RECORDS

┄┄┄┄┄┄

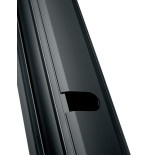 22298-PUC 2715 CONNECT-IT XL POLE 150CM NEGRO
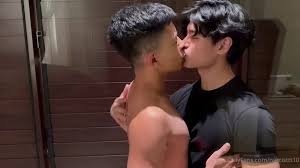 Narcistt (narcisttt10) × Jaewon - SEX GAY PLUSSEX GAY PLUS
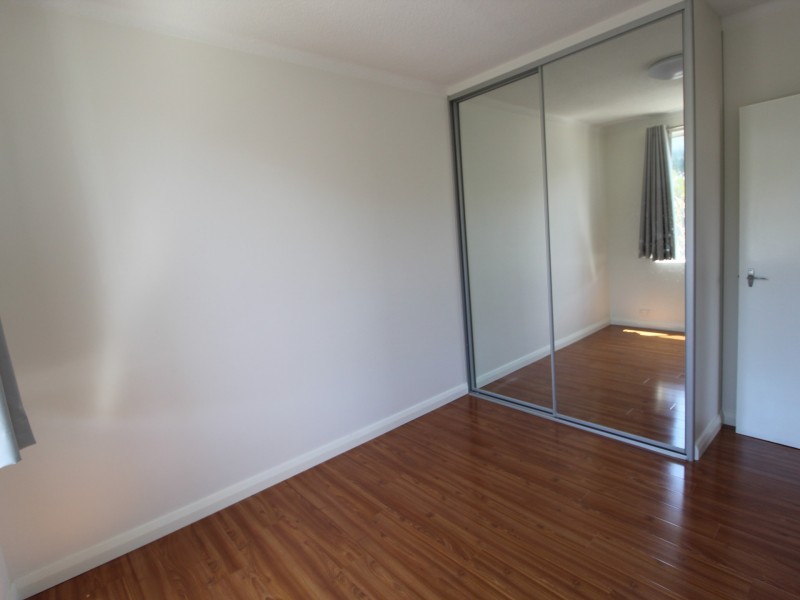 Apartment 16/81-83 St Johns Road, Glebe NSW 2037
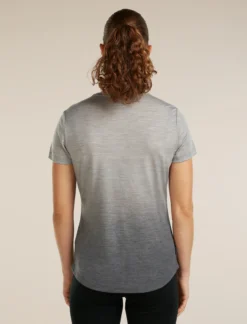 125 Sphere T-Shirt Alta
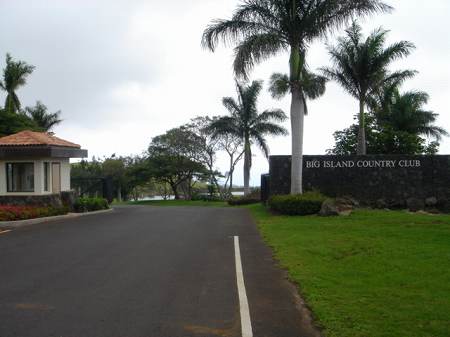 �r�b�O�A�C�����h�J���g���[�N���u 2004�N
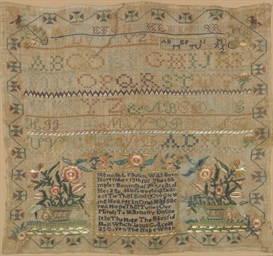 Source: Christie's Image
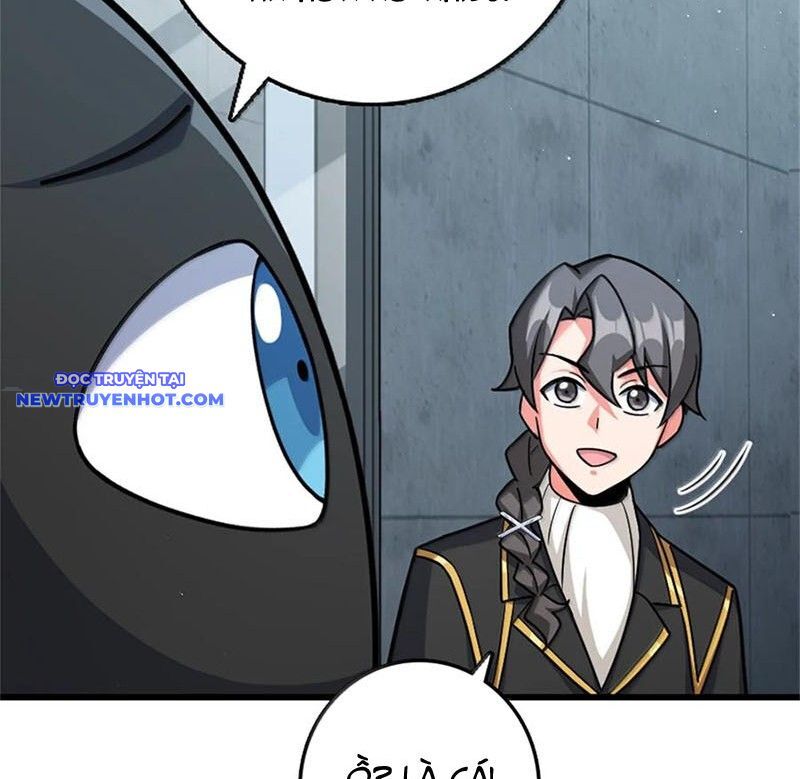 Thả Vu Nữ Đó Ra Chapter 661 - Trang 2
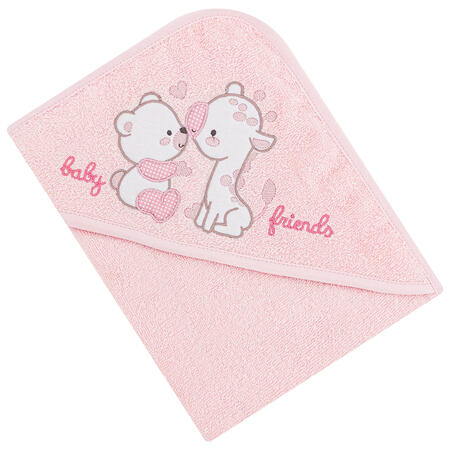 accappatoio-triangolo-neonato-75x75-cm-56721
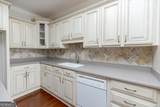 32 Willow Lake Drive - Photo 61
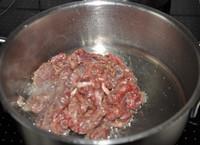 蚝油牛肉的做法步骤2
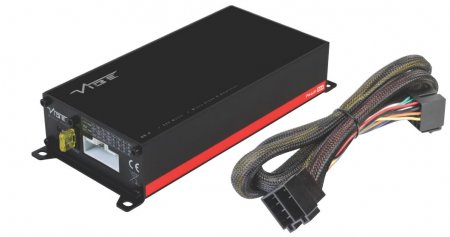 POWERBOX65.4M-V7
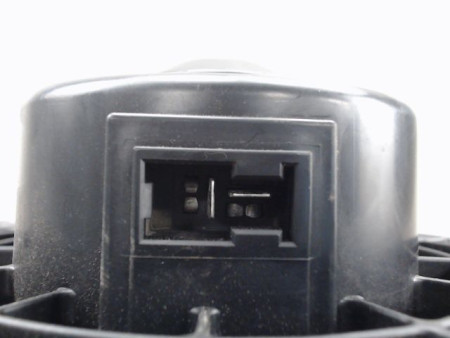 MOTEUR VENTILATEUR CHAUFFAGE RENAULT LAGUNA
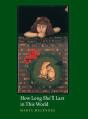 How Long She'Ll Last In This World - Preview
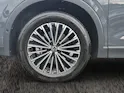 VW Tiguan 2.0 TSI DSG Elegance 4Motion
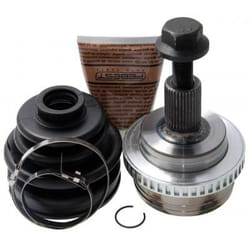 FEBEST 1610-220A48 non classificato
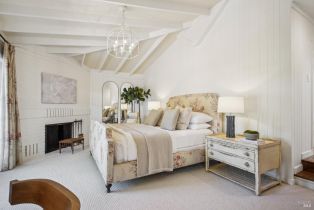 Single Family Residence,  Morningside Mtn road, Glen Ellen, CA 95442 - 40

┄┄┄┄┄┄

Transcribe every entry exactly, omitting pictures.

 22298-PUC 2715 CONNECT-IT XL POLE 150CM NEGRO
 Narcistt (narcisttt10) × Jaewon - SEX GAY PLUSSEX GAY PLUS
 Apartment 16/81-83 St Johns Road, Glebe NSW 2037
 125 Sphere T-Shirt Alta
 �r�b�O�A�C�����h�J���g���[�N���u 2004�N
 Source: Christie's Image
 Thả Vu Nữ Đó Ra Chapter 661 - Trang 2
 accappatoio-triangolo-neonato-75x75-cm-56721
 32 Willow Lake Drive - Photo 61
 蚝油牛肉的做法步骤2
 POWERBOX65.4M-V7
 MOTEUR VENTILATEUR CHAUFFAGE RENAULT LAGUNA
 How Long She'Ll Last In This World - Preview
 VW Tiguan 2.0 TSI DSG Elegance 4Motion
 FEBEST 1610-220A48 non classificato
 Single Family Residence,  Morningside Mtn road, Glen Ellen, CA 95442 - 40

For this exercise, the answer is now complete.